_PROBLEM DESCRIPTION_.
Among the lines below, keep only those from the one containing "De'Longhi Dedica EC685.W" through the one containing "Quick Heal AntiFraud.AI|", and reproduce them exactly.

*** EXERCISE DATA ***

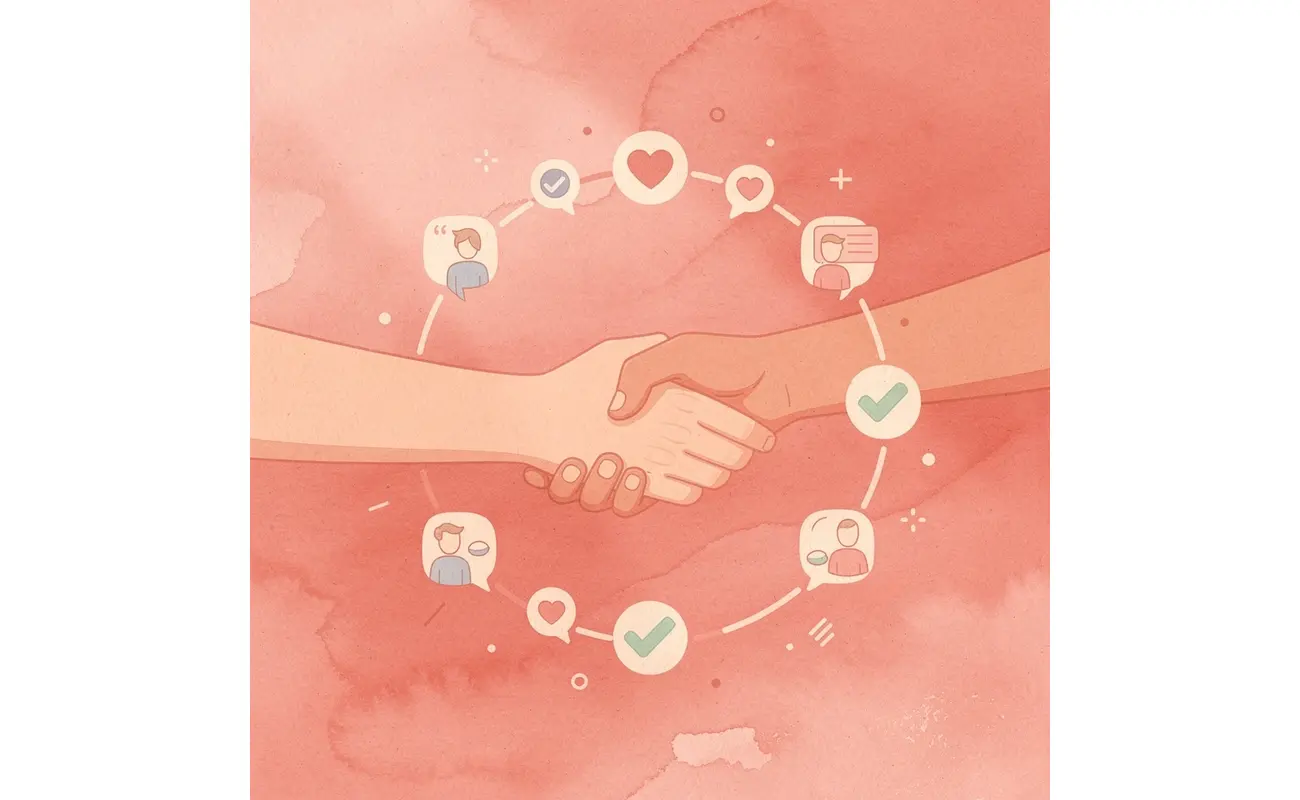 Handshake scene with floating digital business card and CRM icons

*** End of EXERCISE DATA ***
*** EXERCISE DATA ***

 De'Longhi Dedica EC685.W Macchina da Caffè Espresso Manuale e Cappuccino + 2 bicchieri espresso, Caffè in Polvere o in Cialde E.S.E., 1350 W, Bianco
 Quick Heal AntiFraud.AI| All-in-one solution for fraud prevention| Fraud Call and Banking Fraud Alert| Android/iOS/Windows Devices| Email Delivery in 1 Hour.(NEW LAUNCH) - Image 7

*** End of EXERCISE DATA ***

_THE COMPLETED TASK_.
 De'Longhi Dedica EC685.W Macchina da Caffè Espresso Manuale e Cappuccino + 2 bicchieri espresso, Caffè in Polvere o in Cialde E.S.E., 1350 W, Bianco
 Quick Heal AntiFraud.AI| All-in-one solution for fraud prevention| Fraud Call and Banking Fraud Alert| Android/iOS/Windows Devices| Email Delivery in 1 Hour.(NEW LAUNCH) - Image 7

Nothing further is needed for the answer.